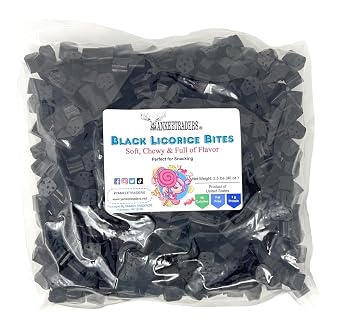 YANKEETRADERS Black Licorice Bites 40 OZ. Bag
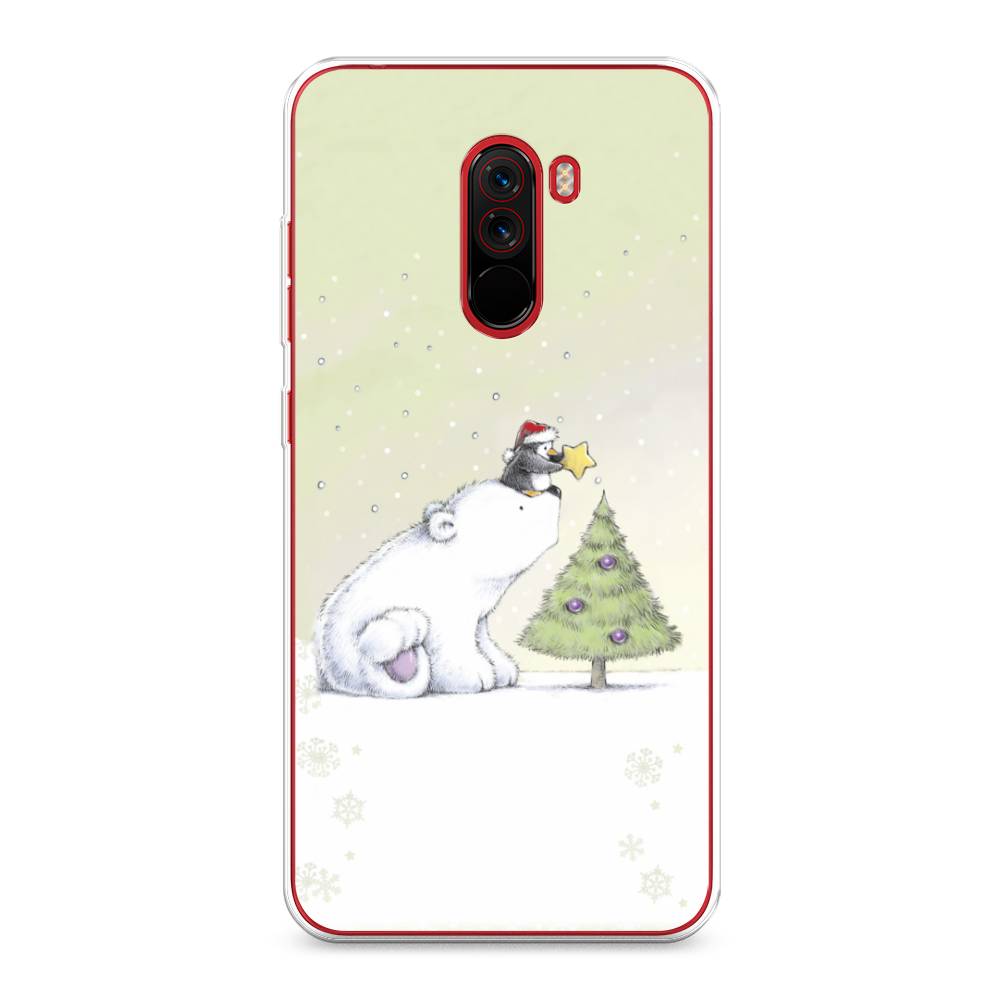 

Чехол на Xiaomi Pocophone F1 "Украшение елки", Белый;бежевый, 34450-5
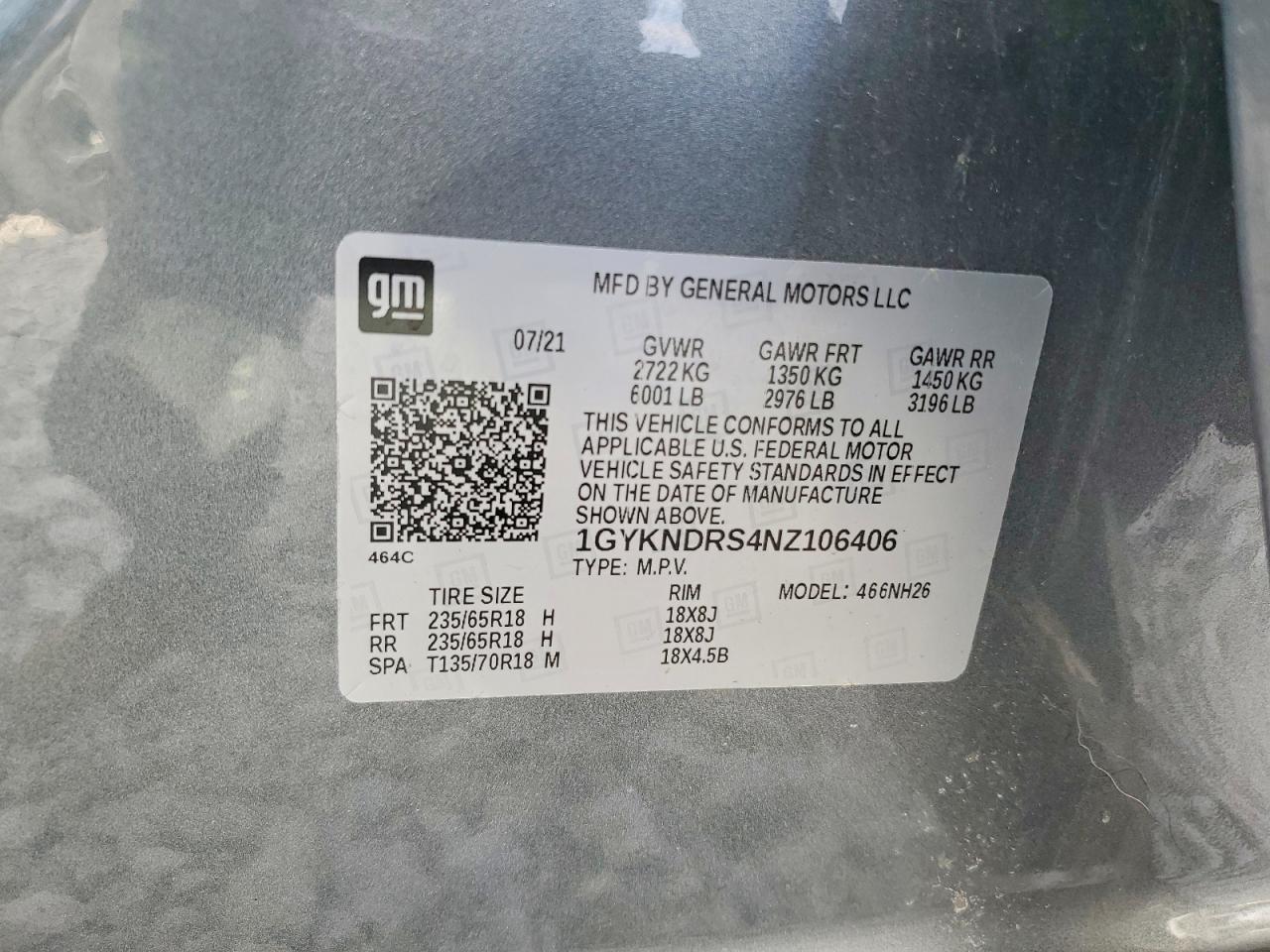 2022 CADILLAC XT5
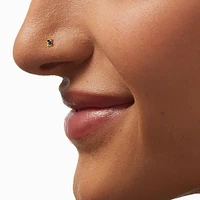 22G Gold-tone Sterling Silver Iridescent AB Nose Studs - 6 Pack 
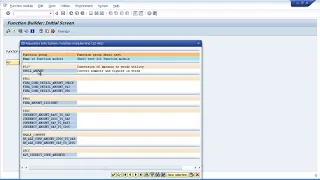 12 Learn SAP ABAP Modularizing Programs Function Modules Part 1
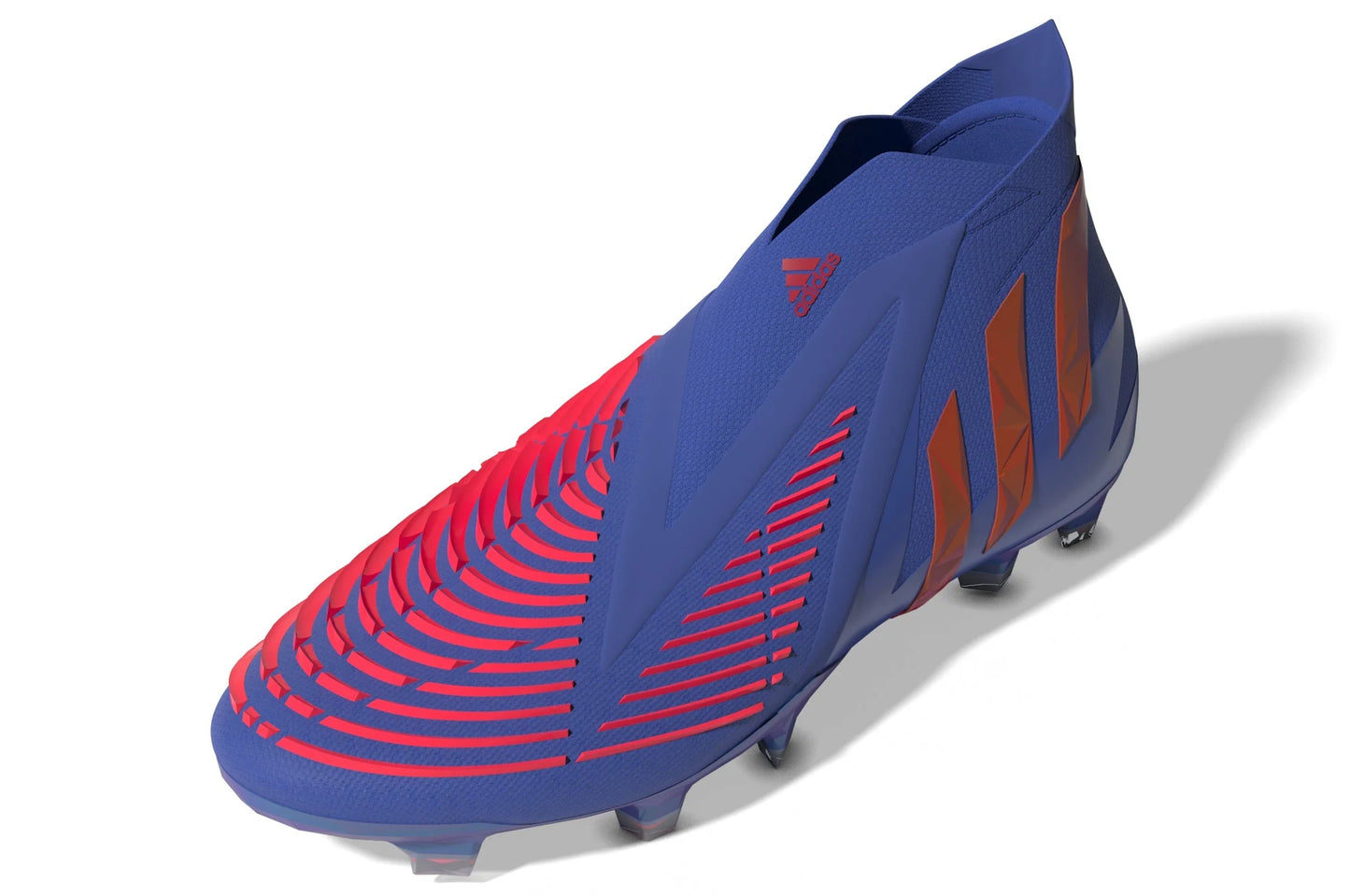 adidas Predator Edge FG Firm Ground Boots Hi Res Blue Turbo Hi Res Blue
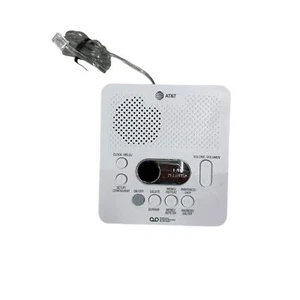 AT&T (1740WH) Digital Answering System with Time and Day Stamp - White Brand New - Zdjęcie 1 z 6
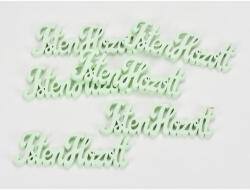  Fa "Isten Hozott" felirat menta 10cm 6db/csomag - koszorúhoz és asztaldíszhez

### Task statement
Within the data above, repeat exactly the lines from the one bearing "Чехол на Xiaomi" through the one bearing "AT&T (1740WH) Digital". Include no pictures and nothing else.

### Answer area
Чехол на Xiaomi Pocophone F1 "Украшение елки", Белый;бежевый, 34450-5
 2022 CADILLAC XT5
 22G Gold-tone Sterling Silver Iridescent AB Nose Studs - 6 Pack 
 12 Learn SAP ABAP Modularizing Programs Function Modules Part 1
 adidas Predator Edge FG Firm Ground Boots Hi Res Blue Turbo Hi Res Blue
 AT&T (1740WH) Digital Answering System with Time and Day Stamp - White Brand New - Zdjęcie 1 z 6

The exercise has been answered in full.